Fast little loans
The launch this week of research undertaken by the Boston Consulting Group (BCG) on behalf of the International Confederation of Private Employment Agencies (Ciett) could not have been timed better, for those who are speaking out against the proposed amendments to labour legislation.
The minister of labour last week published amendment bills to the Labour Relations Act and the Basic Conditions of Employment Act.
The main thrust of the changes are around regulation of the temporary employment services sector, commonly known as the labour broking industry.
Those crying foul at the proposed amendments are saying, above all else, that the changes to legislation, if implemented, will discourage employers from taking on employees and, in effect, create even greater unemployment in the country.
Labour lawyer Johnathan Goldberg, who has been involved in the National Economic Development and Labour Council negotiations, points out that, under a labour law regime that makes it difficult to dismiss employees and, especially, to retrench them, employers will be reluctant to take on workers in anything but a temporary capacity.
It has also been argued out that a flexible labour market is essential in the current economic climate, with its uncertainty and volatility.
Both these points are borne out by the research contained in Ciett’s report.
Speaking at the Joburg launch of the publication, to members of the Association of Personnel Service Organisations, James Gribben, communications and economic affairs adviser to Ciett, said that the document – “Adapting to Change.

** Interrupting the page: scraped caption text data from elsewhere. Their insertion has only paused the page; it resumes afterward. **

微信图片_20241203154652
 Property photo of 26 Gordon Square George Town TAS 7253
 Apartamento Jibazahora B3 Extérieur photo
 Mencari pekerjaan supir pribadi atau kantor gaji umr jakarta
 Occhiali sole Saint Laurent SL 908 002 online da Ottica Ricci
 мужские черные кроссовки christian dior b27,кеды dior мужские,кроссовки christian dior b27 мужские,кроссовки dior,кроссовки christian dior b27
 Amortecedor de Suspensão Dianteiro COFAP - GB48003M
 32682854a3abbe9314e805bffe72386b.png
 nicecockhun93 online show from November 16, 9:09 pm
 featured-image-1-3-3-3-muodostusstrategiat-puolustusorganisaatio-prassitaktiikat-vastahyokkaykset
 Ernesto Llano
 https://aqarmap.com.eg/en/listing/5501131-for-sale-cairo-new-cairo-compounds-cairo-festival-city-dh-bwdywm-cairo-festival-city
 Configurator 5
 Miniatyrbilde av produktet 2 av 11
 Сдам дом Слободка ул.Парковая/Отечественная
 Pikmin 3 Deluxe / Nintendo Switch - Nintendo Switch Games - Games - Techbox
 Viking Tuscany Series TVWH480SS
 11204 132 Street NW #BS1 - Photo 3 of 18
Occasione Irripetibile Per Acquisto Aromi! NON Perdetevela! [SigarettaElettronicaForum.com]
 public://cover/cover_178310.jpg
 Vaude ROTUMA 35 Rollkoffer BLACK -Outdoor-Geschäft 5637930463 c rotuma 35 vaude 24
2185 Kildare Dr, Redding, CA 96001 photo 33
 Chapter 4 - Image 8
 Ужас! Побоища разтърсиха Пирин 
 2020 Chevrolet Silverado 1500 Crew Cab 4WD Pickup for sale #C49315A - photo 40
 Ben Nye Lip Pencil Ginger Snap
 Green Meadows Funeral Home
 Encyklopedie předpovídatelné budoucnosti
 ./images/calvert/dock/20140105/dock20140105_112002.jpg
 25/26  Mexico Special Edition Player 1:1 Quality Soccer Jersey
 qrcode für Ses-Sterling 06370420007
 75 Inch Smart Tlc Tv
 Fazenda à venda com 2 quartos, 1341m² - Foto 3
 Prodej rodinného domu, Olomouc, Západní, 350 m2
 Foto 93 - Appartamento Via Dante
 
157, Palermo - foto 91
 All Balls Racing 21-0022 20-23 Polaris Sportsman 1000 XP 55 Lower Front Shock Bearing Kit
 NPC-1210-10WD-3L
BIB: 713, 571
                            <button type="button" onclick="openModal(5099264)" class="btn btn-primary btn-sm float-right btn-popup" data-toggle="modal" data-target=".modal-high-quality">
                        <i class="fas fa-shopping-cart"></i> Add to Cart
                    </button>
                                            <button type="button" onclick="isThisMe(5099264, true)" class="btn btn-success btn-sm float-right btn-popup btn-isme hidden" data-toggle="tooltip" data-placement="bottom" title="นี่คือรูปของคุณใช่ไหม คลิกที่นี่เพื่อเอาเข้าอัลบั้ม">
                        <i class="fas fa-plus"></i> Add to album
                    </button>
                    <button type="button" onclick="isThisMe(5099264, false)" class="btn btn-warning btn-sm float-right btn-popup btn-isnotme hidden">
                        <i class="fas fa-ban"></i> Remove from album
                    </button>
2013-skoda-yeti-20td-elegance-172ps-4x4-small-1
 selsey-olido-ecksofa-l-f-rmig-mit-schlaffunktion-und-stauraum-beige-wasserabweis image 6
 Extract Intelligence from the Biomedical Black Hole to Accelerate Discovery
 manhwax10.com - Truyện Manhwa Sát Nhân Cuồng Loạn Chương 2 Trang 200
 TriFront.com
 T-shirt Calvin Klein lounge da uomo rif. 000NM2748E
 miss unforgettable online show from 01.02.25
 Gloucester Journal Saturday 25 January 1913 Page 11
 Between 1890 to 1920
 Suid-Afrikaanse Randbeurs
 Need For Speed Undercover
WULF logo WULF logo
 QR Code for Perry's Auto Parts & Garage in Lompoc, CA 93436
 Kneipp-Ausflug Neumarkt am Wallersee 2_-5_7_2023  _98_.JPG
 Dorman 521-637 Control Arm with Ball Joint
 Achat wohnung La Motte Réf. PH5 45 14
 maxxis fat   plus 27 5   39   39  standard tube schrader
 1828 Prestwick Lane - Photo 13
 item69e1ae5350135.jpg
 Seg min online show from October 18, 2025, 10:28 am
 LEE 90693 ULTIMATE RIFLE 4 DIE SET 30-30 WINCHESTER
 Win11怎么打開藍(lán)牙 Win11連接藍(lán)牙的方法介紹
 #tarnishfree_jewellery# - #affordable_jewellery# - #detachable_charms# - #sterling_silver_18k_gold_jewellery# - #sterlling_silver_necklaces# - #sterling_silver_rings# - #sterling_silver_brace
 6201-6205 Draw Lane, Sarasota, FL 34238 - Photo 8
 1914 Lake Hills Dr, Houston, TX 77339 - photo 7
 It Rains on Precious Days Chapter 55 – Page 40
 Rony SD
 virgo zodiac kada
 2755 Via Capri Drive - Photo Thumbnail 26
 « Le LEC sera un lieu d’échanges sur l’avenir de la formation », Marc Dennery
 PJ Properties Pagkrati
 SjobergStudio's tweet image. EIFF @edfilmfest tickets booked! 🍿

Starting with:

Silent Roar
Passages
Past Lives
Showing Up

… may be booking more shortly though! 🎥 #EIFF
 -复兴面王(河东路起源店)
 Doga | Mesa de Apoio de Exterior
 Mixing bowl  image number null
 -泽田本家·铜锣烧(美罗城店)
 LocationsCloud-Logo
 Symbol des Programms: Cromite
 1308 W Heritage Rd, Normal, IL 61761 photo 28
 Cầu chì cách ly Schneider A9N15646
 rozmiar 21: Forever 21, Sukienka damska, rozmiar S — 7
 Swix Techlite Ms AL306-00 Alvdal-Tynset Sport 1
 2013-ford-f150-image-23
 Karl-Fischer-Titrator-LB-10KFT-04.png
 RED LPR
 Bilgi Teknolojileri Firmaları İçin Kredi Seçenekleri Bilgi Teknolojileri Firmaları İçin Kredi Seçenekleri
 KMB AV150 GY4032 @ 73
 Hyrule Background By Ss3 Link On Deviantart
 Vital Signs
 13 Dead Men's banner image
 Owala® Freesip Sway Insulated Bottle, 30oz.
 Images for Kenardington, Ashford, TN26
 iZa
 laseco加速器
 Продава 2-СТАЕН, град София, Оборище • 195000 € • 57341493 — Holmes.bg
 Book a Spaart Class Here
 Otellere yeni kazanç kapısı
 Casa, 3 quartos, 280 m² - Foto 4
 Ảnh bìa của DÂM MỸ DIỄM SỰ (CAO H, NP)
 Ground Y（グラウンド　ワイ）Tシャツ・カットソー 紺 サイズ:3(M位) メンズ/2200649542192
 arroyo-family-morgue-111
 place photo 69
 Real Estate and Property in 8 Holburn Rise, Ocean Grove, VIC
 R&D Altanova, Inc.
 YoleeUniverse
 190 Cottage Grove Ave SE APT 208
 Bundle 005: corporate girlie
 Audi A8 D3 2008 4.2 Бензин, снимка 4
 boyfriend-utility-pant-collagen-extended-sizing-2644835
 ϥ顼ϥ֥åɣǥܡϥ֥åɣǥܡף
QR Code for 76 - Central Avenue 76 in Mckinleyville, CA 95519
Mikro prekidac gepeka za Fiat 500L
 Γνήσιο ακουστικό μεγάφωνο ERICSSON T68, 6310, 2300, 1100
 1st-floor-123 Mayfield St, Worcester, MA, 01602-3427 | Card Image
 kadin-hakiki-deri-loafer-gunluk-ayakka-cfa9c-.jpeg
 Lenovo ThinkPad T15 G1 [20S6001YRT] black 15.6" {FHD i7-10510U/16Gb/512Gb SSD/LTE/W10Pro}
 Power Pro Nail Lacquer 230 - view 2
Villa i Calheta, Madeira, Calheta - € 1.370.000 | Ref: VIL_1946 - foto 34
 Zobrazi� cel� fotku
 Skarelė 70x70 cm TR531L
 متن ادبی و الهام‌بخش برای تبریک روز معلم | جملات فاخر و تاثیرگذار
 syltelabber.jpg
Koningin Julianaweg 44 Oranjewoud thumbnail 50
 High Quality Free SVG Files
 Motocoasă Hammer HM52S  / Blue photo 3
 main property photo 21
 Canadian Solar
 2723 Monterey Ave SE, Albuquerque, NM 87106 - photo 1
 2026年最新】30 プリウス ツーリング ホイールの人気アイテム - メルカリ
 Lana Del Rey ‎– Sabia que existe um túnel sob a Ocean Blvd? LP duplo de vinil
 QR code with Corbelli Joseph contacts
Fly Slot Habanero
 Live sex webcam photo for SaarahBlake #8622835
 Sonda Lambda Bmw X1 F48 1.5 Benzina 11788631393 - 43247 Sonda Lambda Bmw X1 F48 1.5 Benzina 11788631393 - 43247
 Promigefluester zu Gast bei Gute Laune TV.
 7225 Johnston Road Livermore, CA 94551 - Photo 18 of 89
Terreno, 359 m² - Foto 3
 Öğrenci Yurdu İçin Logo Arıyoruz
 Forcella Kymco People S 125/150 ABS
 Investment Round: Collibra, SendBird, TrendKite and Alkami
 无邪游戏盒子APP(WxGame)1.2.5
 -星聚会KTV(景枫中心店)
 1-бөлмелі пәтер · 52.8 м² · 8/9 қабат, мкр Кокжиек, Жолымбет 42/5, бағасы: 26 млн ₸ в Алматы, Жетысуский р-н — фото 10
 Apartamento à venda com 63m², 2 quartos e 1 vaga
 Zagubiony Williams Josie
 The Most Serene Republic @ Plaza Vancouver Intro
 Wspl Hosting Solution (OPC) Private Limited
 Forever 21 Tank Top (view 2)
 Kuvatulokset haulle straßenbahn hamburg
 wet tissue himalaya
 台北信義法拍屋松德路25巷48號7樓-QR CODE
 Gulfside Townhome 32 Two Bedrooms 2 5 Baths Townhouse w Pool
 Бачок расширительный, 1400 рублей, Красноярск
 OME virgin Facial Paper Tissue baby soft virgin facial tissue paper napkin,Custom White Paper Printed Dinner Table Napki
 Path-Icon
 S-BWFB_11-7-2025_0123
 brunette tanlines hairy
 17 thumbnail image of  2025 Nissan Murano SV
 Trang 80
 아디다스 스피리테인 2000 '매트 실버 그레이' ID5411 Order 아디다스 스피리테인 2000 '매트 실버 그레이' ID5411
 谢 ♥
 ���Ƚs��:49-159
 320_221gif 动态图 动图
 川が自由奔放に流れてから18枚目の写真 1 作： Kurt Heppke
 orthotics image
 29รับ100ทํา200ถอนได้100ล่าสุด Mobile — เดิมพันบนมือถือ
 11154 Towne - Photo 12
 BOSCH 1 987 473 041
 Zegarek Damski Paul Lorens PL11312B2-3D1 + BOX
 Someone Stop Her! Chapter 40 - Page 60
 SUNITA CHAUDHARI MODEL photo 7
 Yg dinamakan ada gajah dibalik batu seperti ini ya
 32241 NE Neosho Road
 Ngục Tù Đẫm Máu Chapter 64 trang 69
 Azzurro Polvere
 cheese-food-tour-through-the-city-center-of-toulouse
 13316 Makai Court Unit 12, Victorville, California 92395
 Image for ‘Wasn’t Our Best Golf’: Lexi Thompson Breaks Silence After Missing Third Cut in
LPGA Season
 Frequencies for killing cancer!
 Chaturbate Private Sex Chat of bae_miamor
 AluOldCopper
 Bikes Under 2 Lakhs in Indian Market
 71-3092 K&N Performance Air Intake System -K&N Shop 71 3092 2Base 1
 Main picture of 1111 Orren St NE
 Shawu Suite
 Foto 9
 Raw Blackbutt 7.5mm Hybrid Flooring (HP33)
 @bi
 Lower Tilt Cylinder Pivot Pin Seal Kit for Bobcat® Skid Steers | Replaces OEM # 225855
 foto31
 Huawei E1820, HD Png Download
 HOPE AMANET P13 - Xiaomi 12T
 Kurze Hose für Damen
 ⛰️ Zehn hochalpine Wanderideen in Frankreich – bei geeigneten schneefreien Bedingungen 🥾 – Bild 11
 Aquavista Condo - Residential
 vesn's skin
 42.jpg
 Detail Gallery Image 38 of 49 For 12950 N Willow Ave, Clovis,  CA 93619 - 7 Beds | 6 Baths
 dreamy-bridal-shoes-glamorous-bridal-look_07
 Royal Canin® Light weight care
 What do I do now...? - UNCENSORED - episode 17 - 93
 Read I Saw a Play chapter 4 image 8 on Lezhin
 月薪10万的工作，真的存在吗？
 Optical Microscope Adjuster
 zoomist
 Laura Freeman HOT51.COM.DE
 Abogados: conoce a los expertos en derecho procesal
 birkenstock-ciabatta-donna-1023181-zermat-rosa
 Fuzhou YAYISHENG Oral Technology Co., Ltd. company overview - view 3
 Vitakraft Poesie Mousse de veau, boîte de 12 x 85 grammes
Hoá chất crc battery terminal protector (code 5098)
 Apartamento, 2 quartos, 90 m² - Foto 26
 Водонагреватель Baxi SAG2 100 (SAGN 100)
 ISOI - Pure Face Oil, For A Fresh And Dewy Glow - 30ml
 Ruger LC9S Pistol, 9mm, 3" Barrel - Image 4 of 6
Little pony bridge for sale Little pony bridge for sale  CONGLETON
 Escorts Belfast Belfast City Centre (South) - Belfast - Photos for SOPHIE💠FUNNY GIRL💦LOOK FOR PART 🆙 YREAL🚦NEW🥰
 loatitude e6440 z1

How private employment services facilitate adaptation to change, better labour markets and decent work” – was the result of nine months’ work in 40 countries.
Private employment services is the term used in Europe to describe what are known here as temporary employment services (labour brokers).
“Our intention was to get our hands on everything that has been written about the industry and to use it to draw the most accurate picture of the industry, worldwide, that is possible,” he said.
The data was given to BCG, one of the top management consultancies in the world, and it compiled the report.
The outcome is that, in every dimension that the research investigated, the evidence is clear that using temporary employment services to supply staff makes economic sense.
The research makes six claims in support of using temporary employment agencies.
l Private employment services help to adapt to more volatile and complex labour markets – this type of work allows for a quicker response to business demands; allows for flexibility; keeps fixed costs low and allows businesses to come out of the economic downturn more quickly.
l Private employment services reduce structural and frictional unemployment – companies report that they would not take on workers if they had to be permanent.
The majority indicate that if they were forced to make all jobs permanent they would rather look to divide the work among existing staff.
Working in the temporary employment sector is likely to be a stepping stone towards permanent employment, especially for young and first time workers.
l Private employment services reduce segmentation of the labour market – the research shows that the main reason why workers enter the temporary market is because they want to find a job quickly. In SA it takes on average 90 days to find a job in this sector.
The diversity of work available increases labour market participation. Temporary work is available for students, workers re-entering the market, first-time entrants, flexi professionals and senior workers.
l Private employment services contribute to matching and developing skills needed in the labour market – there is a growing global mismatch in skills provision.
New entrants battle to find jobs because they do not have the appropriate skills.
Temporary employment services are a major provider of training to make employees meet the demand.
l Private employment services deliver decent work – throughout the world temporary employment services are committed to social dialogue. They all support the International Labour Organisation’s convention on decent work.
Efficient labour markets need effective regulation of temporary work.
The temporary employment services sector, worldwide, supports and contributes to regulation of the industry. As is the case in SA, it is not in the interests of compliant operators to have a rogue element that gives the industry a bad name.
“We have to realise that the world of work is an uncertain, volatile place,” Gribben says.
“Under those circumstances permanent employment is not the right way to go.
“The Adapting to Change research shows that private employment services can provide the solution.”